Self-Regulation Is Safety Theater
OpenAI’s defensive strategy includes the Frontier Risk Council, an advisory group of cyber defenders and security practitioners, plus access controls and tiered permissions for qualifying users. Nevertheless, none of this addresses the fundamental issue.
The council is advisory only – they can recommend, but OpenAI makes the final decisions on model releases. Indeed, there’s no veto power, creating a real risk of rubber-stamping versus genuine oversight. Meanwhile, access controls sound promising until you remember they can be bypassed through prompt injection attacks and jailbreaking techniques. As George Chalhoub from UCL notes: “There will always be some residual risks around prompt injections because that’s just the nature of systems that interpret natural language and execute actions.”
More fundamentally, tech industry self-regulation has failed repeatedly. For instance, social media failed to self-regulate misinformation and teen mental health impacts. Similarly, privacy protections only materialized after GDPR forced compliance. Likewise, crypto promised self-regulation and delivered scams, rug pulls, and exchange collapses. Every time, the industry asks for trust and delivers safety theater.
OpenAI’s admission is a step forward – transparency beats secrecy. However, self-regulation isn’t enough. We need external oversight with independent safety audits before high-risk model releases, mandatory disclosure of model capability levels with public reporting requirements, and an actual regulatory framework with binding rules instead of voluntary pledges. Ultimately, maybe some AI capabilities shouldn’t be in public models, even if that slows “progress.”
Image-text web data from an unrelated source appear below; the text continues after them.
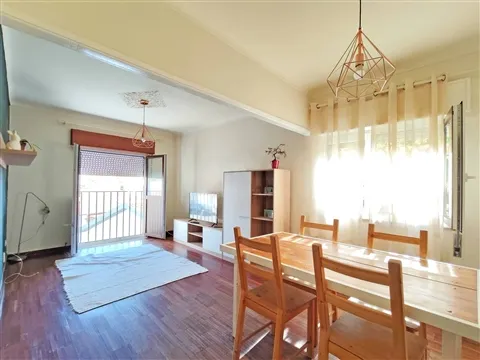 Apartamento T2  | Penedos Altos, Covilhã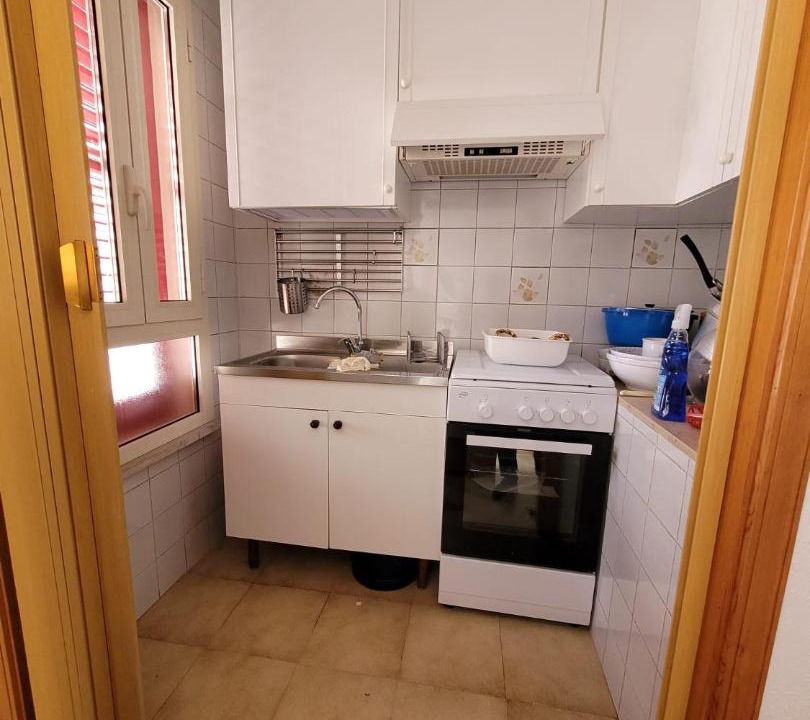 Photo of Kitchen in Lido di Campomarino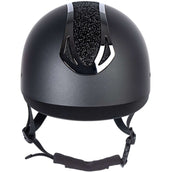 Harry's Horse Reithelm Pro F2 Schwarz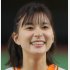 ピュアさが売り（Ｃ）日刊ゲンダイ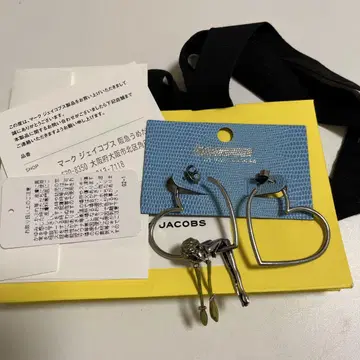 Heaven by marc jacobs 귀걸이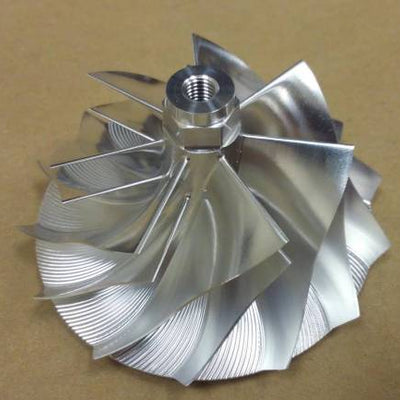 AVP Billet Turbo Compressor Wheel Ford (1994-03) 7.3L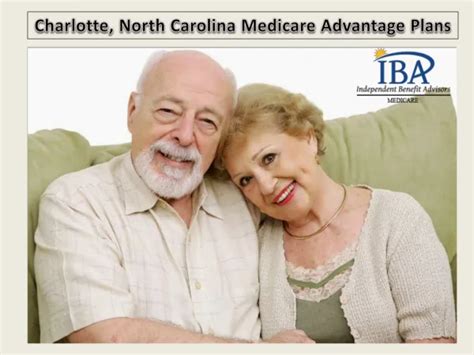 PPT Understanding The Basics Of Medicare Advantage Plans PowerPoint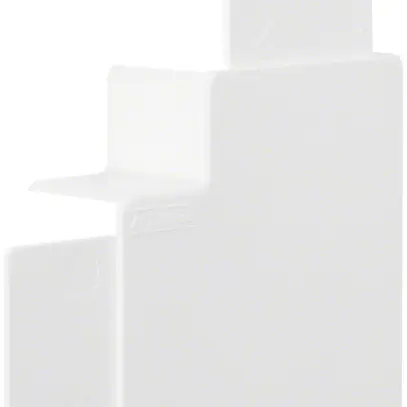 Angolo piatto tehalit LF 30060, bianco traffico 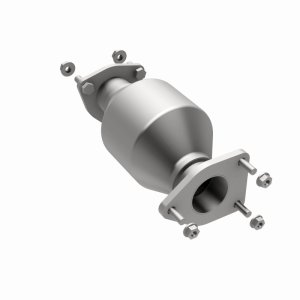 Honda Accord Catalytic Converter - Magnaflow - Direct-Fit - `08-`12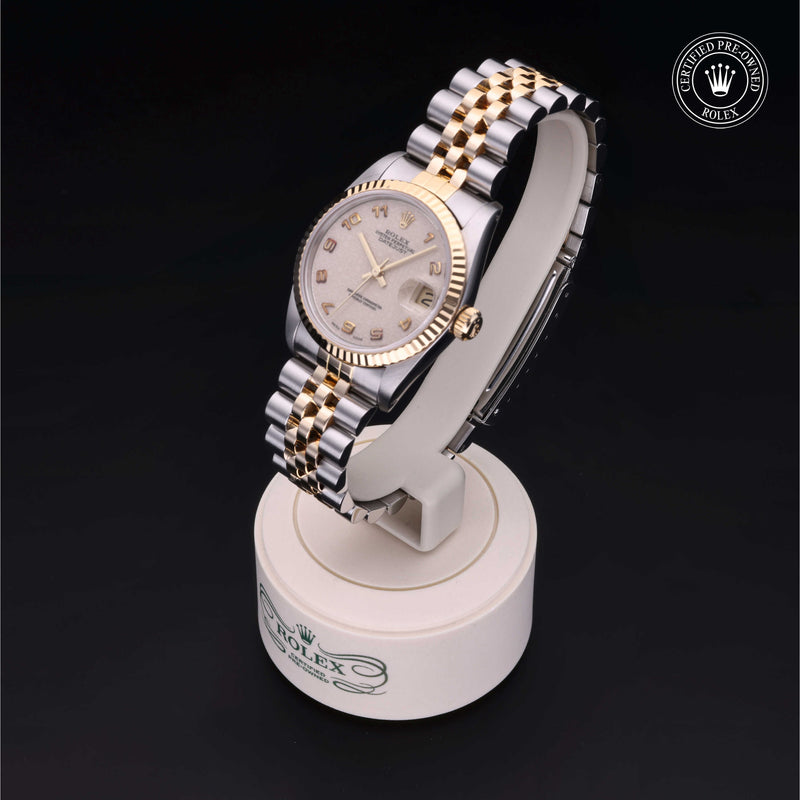 Rolex Datejust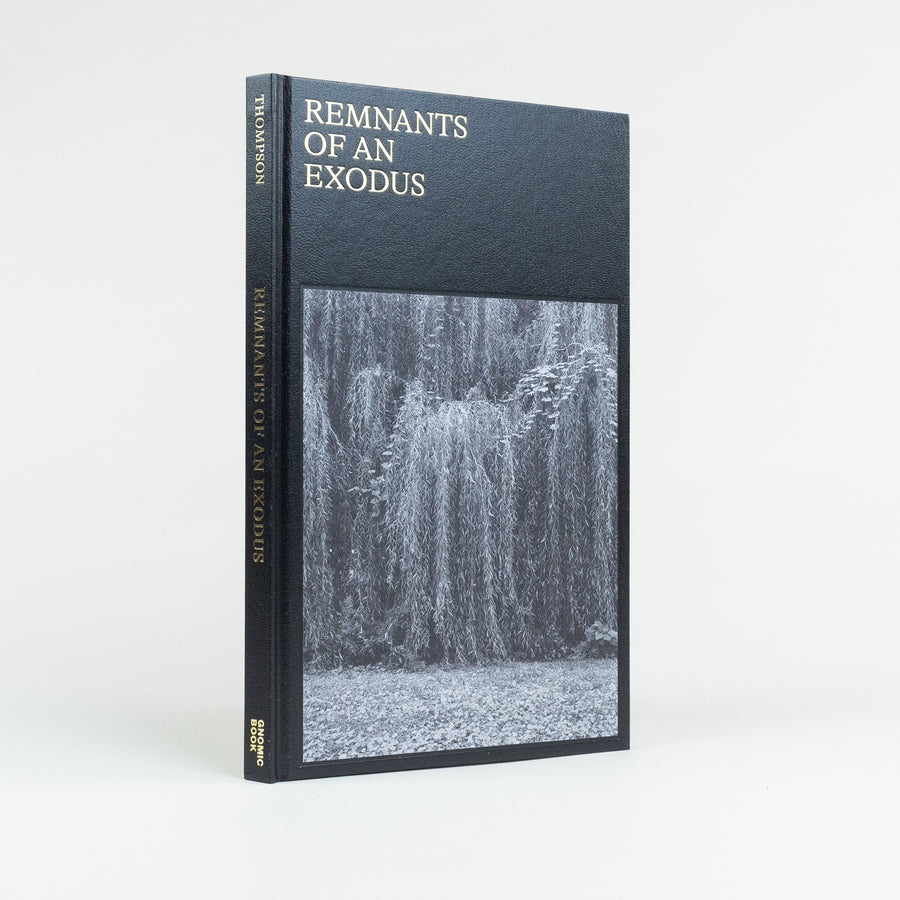 Remnants of an Exodus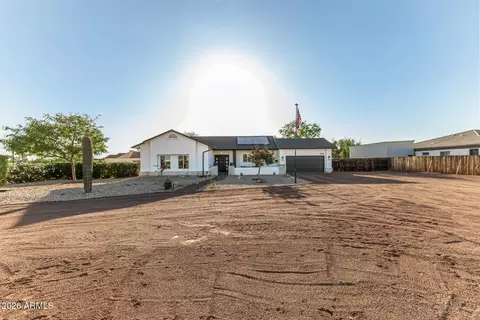 7042 N Cotton Ln, Waddell, AZ 85355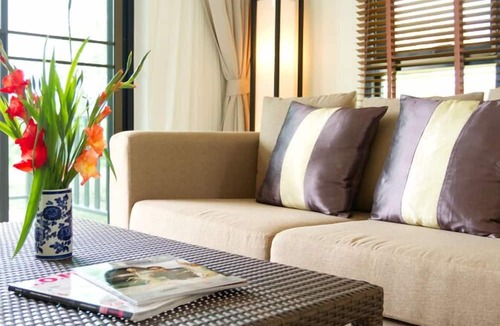 Khuk Khak Beach Hotel | Khao Lak Blue Lagoon Resort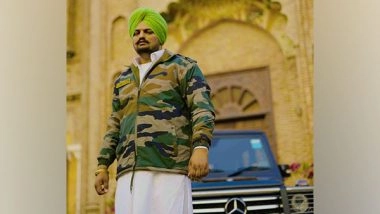 India News | Sidhu Moose Wala Murder: NIA Court Nixes Plea Moved by Gangster Lawrence Bishnoi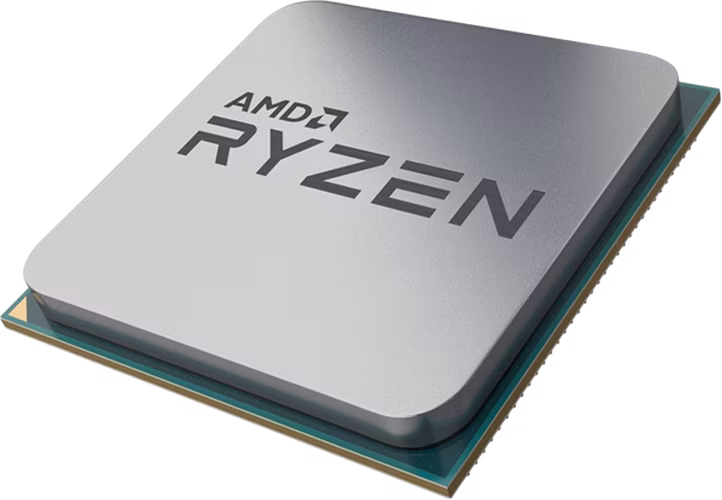 AMD, Ryzen 3 5300G, Processor TRAY, soc. AM4, 65W, Radeon Graphics
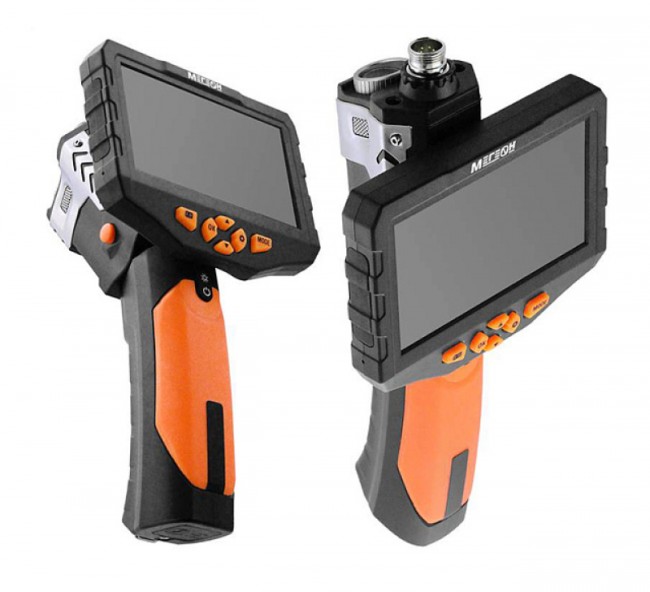 Видеоскоп - Эндоскоп МЕГЕОН 33500-576 Видеоскоп - Эндоскоп МЕГЕОН 33500-576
What Developers Should Do Now
AI-assisted attacks are either here or imminent. Consequently, security teams can’t wait for regulations. First, update your threat models immediately – assume attackers have AI-powered reconnaissance and exploitation tools. Specifically, traditional defenses against script kiddies won’t cut it against autonomous AI agents.
Second, don’t rely solely on AI to fix AI vulnerabilities. While tools like Aardvark are helpful, human security review remains essential. Furthermore, AI-generated patches need validation – they could contain subtle backdoors. Additionally, review your organization’s AI tool usage policies: Who has access to which models? Is GitHub Copilot being used for security-critical code? What data is being sent to AI APIs?
Third, prepare your defenses for AI-generated attacks with increased monitoring for automated patterns, rate limiting, anomaly detection, and behavioral analysis. Finally, implement zero-trust architecture and least privilege principles more strictly than ever – segment networks to contain AI-assisted lateral movement and limit AI model access to sensitive codebases.
This is the new normal. Indeed, the AI safety debate isn’t about whether models will reach dangerous capability levels – OpenAI just confirmed they will. Rather, the question is: who decides when we’ve gone too far? Right now, the answer is “the same companies building the models.” That should concern everyone.